- Description of the task -
Of all the lines below, output only those starting at the one with "Leinwandbild Panorama Nr." and ending at the one with "Mijn eerste ballet", both ends included, exactly as written.

- Listed entries -
= Beginning of Section =

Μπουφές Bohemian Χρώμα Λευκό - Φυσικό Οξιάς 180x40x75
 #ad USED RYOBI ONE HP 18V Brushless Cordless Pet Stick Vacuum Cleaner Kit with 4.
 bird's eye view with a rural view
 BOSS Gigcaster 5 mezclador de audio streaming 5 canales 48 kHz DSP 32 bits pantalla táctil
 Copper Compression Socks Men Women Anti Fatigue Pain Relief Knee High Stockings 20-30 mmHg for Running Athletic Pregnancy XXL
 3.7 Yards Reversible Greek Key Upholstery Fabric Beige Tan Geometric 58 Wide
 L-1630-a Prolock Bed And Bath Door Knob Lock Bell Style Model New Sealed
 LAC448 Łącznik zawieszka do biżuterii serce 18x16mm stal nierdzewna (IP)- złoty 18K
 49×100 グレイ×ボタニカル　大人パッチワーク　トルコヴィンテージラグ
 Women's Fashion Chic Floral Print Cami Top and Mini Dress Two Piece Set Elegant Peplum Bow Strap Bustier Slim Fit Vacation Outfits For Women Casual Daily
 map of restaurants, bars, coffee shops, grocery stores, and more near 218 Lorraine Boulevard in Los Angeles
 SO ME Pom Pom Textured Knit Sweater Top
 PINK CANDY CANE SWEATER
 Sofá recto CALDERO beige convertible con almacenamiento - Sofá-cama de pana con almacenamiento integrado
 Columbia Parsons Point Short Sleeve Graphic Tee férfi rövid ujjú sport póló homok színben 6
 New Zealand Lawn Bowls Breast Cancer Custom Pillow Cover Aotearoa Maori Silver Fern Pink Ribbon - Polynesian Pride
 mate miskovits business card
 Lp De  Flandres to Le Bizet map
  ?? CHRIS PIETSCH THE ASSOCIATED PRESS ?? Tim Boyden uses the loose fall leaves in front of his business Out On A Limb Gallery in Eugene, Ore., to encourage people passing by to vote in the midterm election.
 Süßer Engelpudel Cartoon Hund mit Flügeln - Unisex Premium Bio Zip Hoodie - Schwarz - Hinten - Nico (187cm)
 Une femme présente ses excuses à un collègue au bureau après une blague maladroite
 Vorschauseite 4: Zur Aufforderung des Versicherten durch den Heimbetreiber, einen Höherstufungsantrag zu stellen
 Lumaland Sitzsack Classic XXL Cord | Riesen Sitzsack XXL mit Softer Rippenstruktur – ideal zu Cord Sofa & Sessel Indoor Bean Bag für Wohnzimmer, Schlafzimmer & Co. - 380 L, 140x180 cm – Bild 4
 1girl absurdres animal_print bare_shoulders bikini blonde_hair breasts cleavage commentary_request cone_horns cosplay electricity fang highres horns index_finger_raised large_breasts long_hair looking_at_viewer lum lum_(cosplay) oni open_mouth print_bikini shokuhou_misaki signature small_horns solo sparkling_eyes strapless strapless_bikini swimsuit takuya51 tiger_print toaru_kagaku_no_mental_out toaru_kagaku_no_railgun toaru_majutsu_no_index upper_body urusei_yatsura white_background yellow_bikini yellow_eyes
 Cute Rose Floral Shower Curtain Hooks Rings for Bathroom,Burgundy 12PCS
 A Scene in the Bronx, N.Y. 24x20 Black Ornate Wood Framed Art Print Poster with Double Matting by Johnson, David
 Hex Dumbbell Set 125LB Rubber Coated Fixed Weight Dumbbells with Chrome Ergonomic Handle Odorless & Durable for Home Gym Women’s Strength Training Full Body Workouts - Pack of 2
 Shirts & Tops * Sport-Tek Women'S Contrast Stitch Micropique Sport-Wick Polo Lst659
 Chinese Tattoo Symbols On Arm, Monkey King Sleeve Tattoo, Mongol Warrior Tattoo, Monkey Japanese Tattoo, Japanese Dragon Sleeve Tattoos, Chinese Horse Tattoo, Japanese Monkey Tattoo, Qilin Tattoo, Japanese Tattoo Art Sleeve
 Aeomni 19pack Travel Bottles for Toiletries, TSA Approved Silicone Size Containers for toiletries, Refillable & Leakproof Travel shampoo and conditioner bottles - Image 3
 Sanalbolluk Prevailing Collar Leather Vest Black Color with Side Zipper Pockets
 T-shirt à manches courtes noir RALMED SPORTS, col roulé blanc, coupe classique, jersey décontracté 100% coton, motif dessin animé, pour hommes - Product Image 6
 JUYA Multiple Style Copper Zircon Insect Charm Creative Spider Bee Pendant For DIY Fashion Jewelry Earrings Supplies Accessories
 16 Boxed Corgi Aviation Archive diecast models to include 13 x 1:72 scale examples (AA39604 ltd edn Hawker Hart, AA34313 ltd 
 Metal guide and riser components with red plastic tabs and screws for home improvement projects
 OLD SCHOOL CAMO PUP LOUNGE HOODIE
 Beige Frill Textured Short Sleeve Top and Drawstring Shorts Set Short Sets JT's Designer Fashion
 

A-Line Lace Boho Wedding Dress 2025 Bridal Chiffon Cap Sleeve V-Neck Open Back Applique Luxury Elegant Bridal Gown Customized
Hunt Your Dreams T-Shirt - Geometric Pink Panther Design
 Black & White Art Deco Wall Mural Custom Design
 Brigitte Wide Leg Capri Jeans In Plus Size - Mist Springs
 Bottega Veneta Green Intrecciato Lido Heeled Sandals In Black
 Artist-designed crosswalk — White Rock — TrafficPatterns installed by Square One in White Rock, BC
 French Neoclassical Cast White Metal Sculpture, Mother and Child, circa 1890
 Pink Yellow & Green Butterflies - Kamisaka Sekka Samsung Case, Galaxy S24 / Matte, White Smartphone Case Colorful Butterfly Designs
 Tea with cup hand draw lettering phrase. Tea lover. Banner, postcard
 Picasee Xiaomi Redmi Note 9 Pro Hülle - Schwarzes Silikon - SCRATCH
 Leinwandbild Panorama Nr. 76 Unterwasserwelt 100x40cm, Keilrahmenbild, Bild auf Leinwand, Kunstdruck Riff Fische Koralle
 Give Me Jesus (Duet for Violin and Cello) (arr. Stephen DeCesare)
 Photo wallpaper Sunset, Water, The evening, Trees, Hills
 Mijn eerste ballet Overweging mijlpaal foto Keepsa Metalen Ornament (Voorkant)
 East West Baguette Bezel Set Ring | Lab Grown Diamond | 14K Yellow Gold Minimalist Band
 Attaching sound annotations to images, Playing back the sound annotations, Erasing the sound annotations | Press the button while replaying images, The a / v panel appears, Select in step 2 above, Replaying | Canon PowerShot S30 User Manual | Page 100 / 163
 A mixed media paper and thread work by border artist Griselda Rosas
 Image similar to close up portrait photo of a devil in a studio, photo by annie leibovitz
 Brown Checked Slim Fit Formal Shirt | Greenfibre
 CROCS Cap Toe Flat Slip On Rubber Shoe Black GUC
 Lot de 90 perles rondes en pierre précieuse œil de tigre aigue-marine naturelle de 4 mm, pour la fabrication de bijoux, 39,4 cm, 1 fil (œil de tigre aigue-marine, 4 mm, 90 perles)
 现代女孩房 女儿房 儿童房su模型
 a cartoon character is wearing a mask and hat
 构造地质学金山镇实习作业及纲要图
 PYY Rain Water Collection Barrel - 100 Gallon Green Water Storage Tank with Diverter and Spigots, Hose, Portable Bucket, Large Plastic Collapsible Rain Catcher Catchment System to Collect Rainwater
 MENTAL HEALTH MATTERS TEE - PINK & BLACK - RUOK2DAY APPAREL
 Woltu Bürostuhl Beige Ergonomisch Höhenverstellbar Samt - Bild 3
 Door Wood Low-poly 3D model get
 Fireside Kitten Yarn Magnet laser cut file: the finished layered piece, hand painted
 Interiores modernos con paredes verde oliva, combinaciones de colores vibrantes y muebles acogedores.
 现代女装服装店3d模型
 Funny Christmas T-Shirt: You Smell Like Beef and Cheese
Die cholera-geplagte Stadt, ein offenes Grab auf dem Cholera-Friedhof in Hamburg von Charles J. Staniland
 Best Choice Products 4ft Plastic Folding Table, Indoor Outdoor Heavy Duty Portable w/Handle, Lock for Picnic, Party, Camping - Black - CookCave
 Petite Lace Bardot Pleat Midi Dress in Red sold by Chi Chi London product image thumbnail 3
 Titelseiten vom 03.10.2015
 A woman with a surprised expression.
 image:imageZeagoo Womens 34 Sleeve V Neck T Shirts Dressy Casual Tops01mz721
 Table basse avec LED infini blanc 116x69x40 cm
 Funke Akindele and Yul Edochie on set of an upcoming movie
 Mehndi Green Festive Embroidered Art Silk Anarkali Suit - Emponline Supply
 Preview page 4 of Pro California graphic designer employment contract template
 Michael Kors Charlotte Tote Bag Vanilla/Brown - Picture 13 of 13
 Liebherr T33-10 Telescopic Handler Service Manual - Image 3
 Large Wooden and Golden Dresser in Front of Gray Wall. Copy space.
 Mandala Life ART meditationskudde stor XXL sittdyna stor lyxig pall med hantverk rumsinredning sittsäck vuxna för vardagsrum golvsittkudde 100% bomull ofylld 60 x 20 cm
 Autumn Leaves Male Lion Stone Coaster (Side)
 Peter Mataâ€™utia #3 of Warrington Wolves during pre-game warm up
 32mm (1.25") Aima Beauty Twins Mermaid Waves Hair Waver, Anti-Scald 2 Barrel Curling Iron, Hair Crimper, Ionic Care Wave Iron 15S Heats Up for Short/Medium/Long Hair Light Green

= End of Section =

- Response below -
 Leinwandbild Panorama Nr. 76 Unterwasserwelt 100x40cm, Keilrahmenbild, Bild auf Leinwand, Kunstdruck Riff Fische Koralle
 Give Me Jesus (Duet for Violin and Cello) (arr. Stephen DeCesare)
 Photo wallpaper Sunset, Water, The evening, Trees, Hills
 Mijn eerste ballet Overweging mijlpaal foto Keepsa Metalen Ornament (Voorkant)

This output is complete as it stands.